# Python Essentials I

Today, we will begin exploring some foundational Python concepts:

* Code Structure and Whitespace
* Object-Oriented Programming
* Print Statements
* Variable Assignment
* Importing Modules and Scripts
* Scalar Objects
* Control Flow

Each of these concepts (and ones that follow) form building blocks for more functional work processes in Python. Our (initial) goal is to understand the syntax and purpose behind these individual concepts, but we will build on them as we become more proficient.

Friendly reminders:

* DataCamp modules for Python Lists, Fundamental Data Types, and Dictionaries are due tonight by 11:59 p.m.
* Homework #1 released, due Feb. 12

## Code Structure and Whitespace

Python code is primarily structured around *whitespace* (i.e., spaces, tabs, and line breaks). This is different than many other programming languages (e.g., C/C++, Java) that require additional punctuation in the code structure (e.g., semicolon at the end of each statement, braces/brackets around nested statements).

* Good for readability
* Generally, one statment per line, but you can combine multiple statements on a line using the ';' separator

In [1]:
# Example of code structure and whitespace
# Applies to def, class, if, for, while statements
for x in range(5):
    print(x)

0
1
2
3
4


In [2]:
# Example of multiple statments on a single line
print(5); print(6); print(7)

5
6
7


### Comments

Any text preceded by '#' on a given line of code is ignored by the Python interpreter.

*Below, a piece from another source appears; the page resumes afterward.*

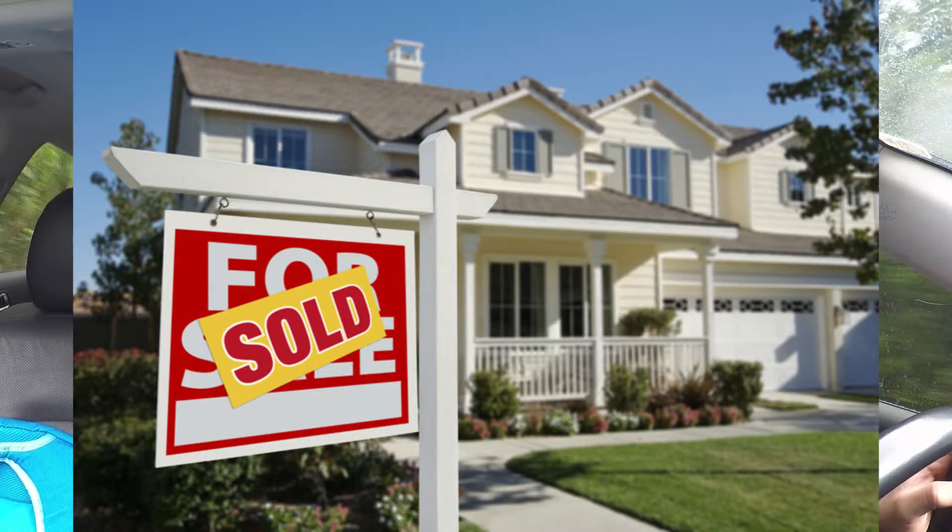Morning YouTube, how's it going? Big Island Boy 99 here. It's a quick update — we did sell our house, yay! So we're super happy about that.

Comments are an excellent way to document and communicate what is happening in your code. They can help you remember what each part of your code is trying to accomplish (which you are not likely to remember in detail at a later time), and also help others understand what your code does.

Comments are primarily used to explain your code, but they can also be used to ignore code that you want to save for a later time. Or alternatively, you can ignore a part of your code that does not work but potentially test another part.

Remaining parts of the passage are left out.